Plus précisément, les rapporteurs ont retenu certains besoins des opérateurs de recherche : le CEA plaide pour une stabilisation a minima , le CNRS pour un renforcement pour le nucléaire voire un doublement pour l'hydrogène et ITER pour une amplification pour la fission 214 ( * ) . En outre, l'IRSN a mis en avant la sûreté nucléaire et l'Andra les usines du cycle.

Au total, l'AEN a insisté sur le besoin d'un soutien public de la R&D dans le domaine du nucléaire, appelant à « faire coïncider les politiques et les budgets nationaux avec les engagements en faveur de l'innovation dans le secteur de l'énergie nucléaire, car les délais de retour sur investissement ne sont pas compatibles avec un environnement reposant uniquement sur des acteurs privés ».

Enfin, les dispositifs de soutien innovants peuvent davantage bénéficier à l'énergie nucléaire et à l'hydrogène bas-carbone.

Depuis la loi « Énergie-Climat », de 2019 215 ( * ) , deux dispositifs de soutien aux projets énergétiques innovants ont été institués :

- le « bac à sable règlementaire », qui permet à la CRE et au ministre chargé de l'énergie d'accorder des dérogations aux conditions d'accès et à l'utilisation des réseaux et installations pour déployer à titre expérimental des technologies ou services innovants en faveur de la transition énergétique et des réseaux intelligents (article 61 de la loi « Énergie-Climat ») ;

- le « contrat d'expérimentation » , qui permet au ministre chargé de l'énergie de faire bénéficier d'un contrat d'achat les installations électriques ou gazières renouvelables (articles L. 314-29 et L. 446-24 du code de l'énergie notamment).

Une réflexion devrait être engagée pour intégrer à ces dispositifs l'énergie nucléaire et l'hydrogène bas-carbone . Interrogée sur ce point, la CRE a indiqué que « comme conçu actuellement, la CRE peut accorder des dérogations au titre du bac à sable réglementaire lorsque les expérimentations concernent les réseaux.
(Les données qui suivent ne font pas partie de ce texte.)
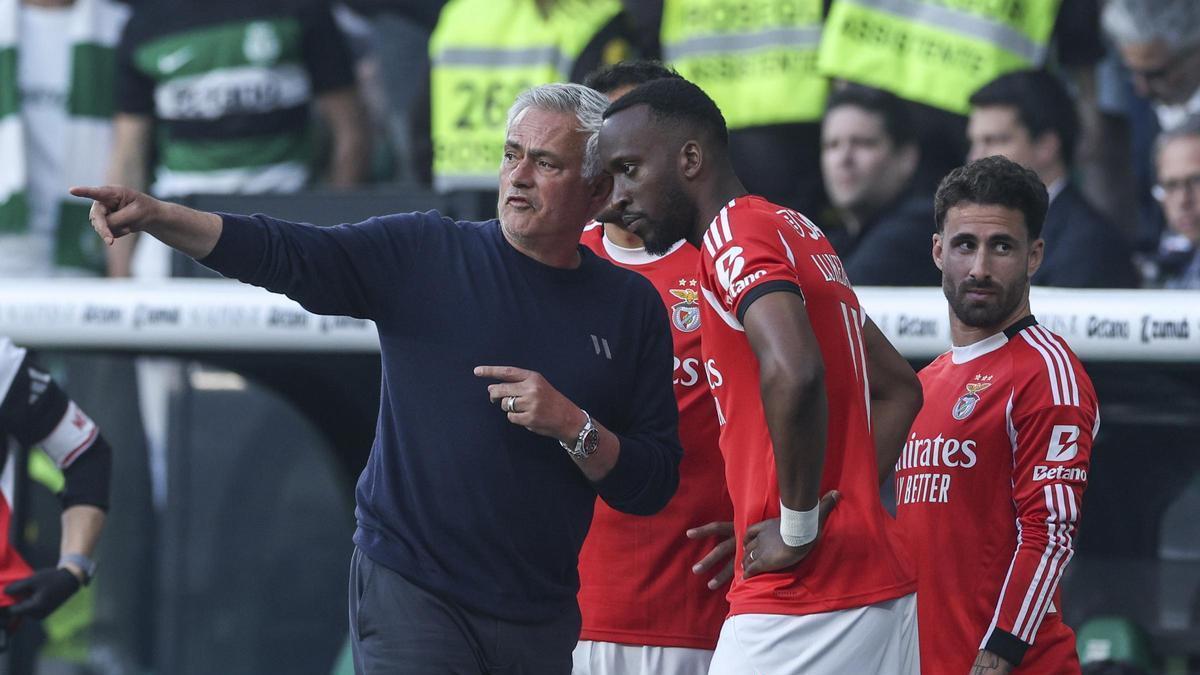 José Mourinho y Dodi Lukebakio, dos ex de LaLiga en el Benfica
Les technologies nucléaires innovantes n'entrent pas dans le champ de compétences de la CRE. Néanmoins, il pourrait être intéressant de discuter de cette possibilité avec des institutions telles que l'ASN ».

Une autre réflexion pourrait concerner les certificats d'économies d'énergie (C2E) : introduits par la loi « Pope » 216 ( * ) , de 2005, les C2E sont délivrés à des personnes éligibles 217 ( * ) , en contrepartie de la réalisation d'opérations d'économies d'énergie auprès des particuliers ou d'entreprises (articles L. 221-1 et suivants du code de l'énergie).
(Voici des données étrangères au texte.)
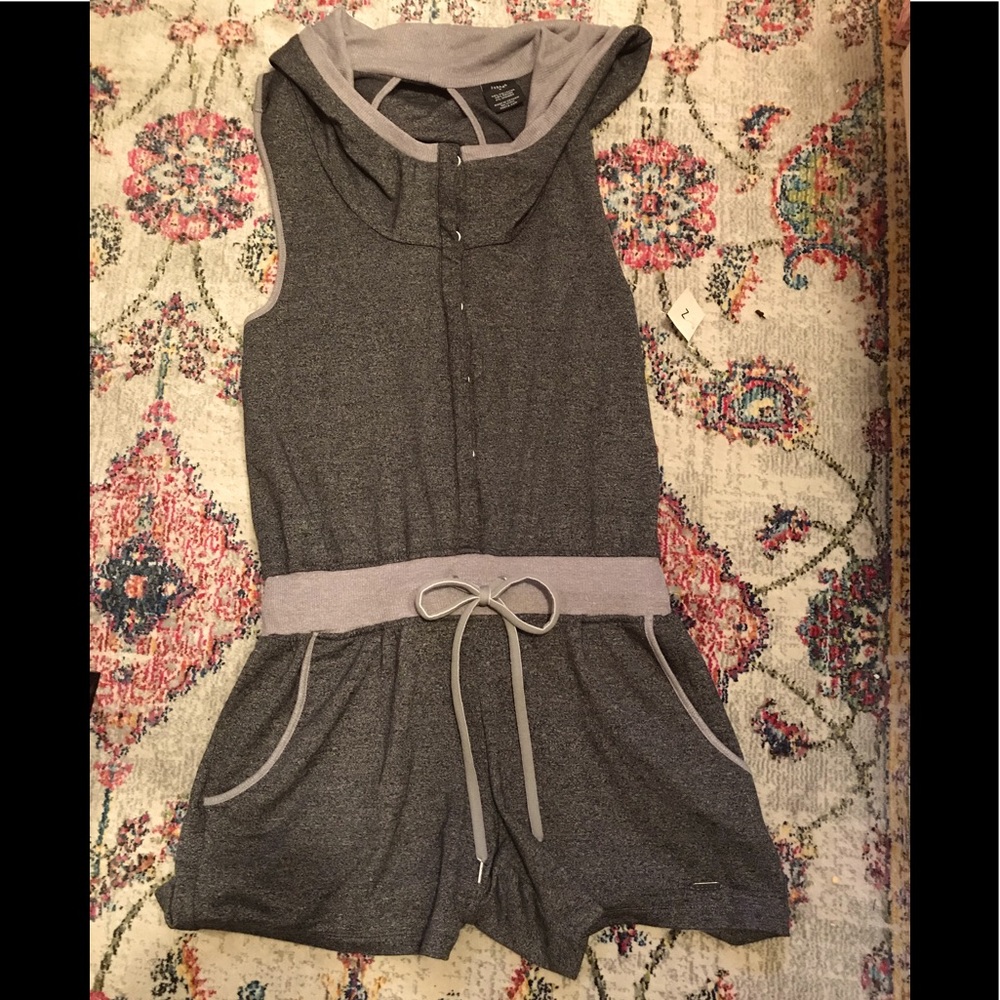 NWT Zobha French terry hooded romper w/ open back.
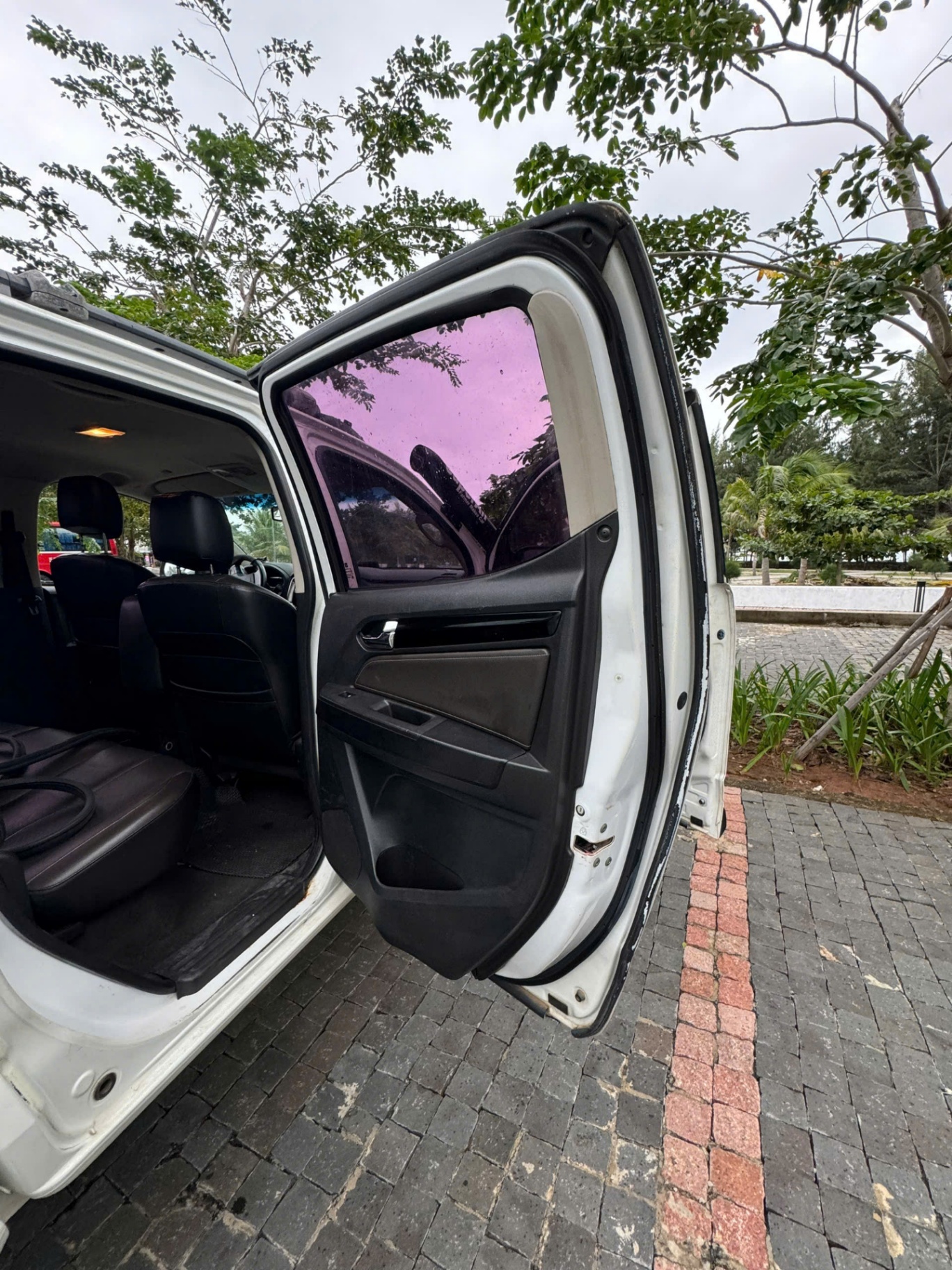 Chevrolet Colorado High Country 2.8L 4x4 AT 2017 - Nội thất 4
Une plus grande neutralité entre l'énergie nucléaire et les énergies renouvelables pourrait être favorisée dans ce cadre , tandis que l'hydrogène bas-carbone , encore exclu, pourrait être intégré.

3. Financer la relance du nucléaire, en mobilisant les financements publics comme privés :

- Pour mobiliser les financements privés pour certains projets nucléaires, intégrer pleinement l'énergie nucléaire à la « taxonomie verte européenne », en levant les verrous actuels (assimilation à une énergie de transition, dates limites, obligation de stockage, recours aux ATF, exclusion des opérations de maintenance et des activités du cycle)

- Pour mobiliser les financements publics pour la relance du nucléaire, examiner le financement du nucléaire dans le cadre de la loi quinquennale sur l'énergie de 2023

- Rehausser les financements prévus dans le cadre des plans de relance (France Relance) et d'investissement (France 2030) ainsi que les APP nucléaire en résultant, dès la prochaine loi de finances

- Mieux intégrer l'énergie nucléaire et l'hydrogène bas-carbone dans le « bac à sable règlementaire » et le « contrat d'expérimentation » de la CRE

- Mieux intégrer l'énergie nucléaire et l'hydrogène bas-carbone dans le dispositif des C2E


* 213 Cour des Comptes, La filière EPR, 2020, p. 16.

* 214 En matière de recyclage, de réacteurs, de déchets, de démantèlement et de stockage.

* 215 Loi n° 2019-1147 du 8 novembre 2019 relative à l'énergie et au climat (article 33).

* 216 Loi n° 2005-781 de programmation fixant les orientations de la politique énergétique (article 14).

* 217 Fournisseurs d'électricité, de gaz, de chaleur ou de froid, de carburants automobiles ou de fioul domestique ; collectivités territoriales, groupements et sociétés d'économie mixte ; Agence nationale de l'habitat (ANAH) ; organismes d'habitation à loyer modéré (HLM).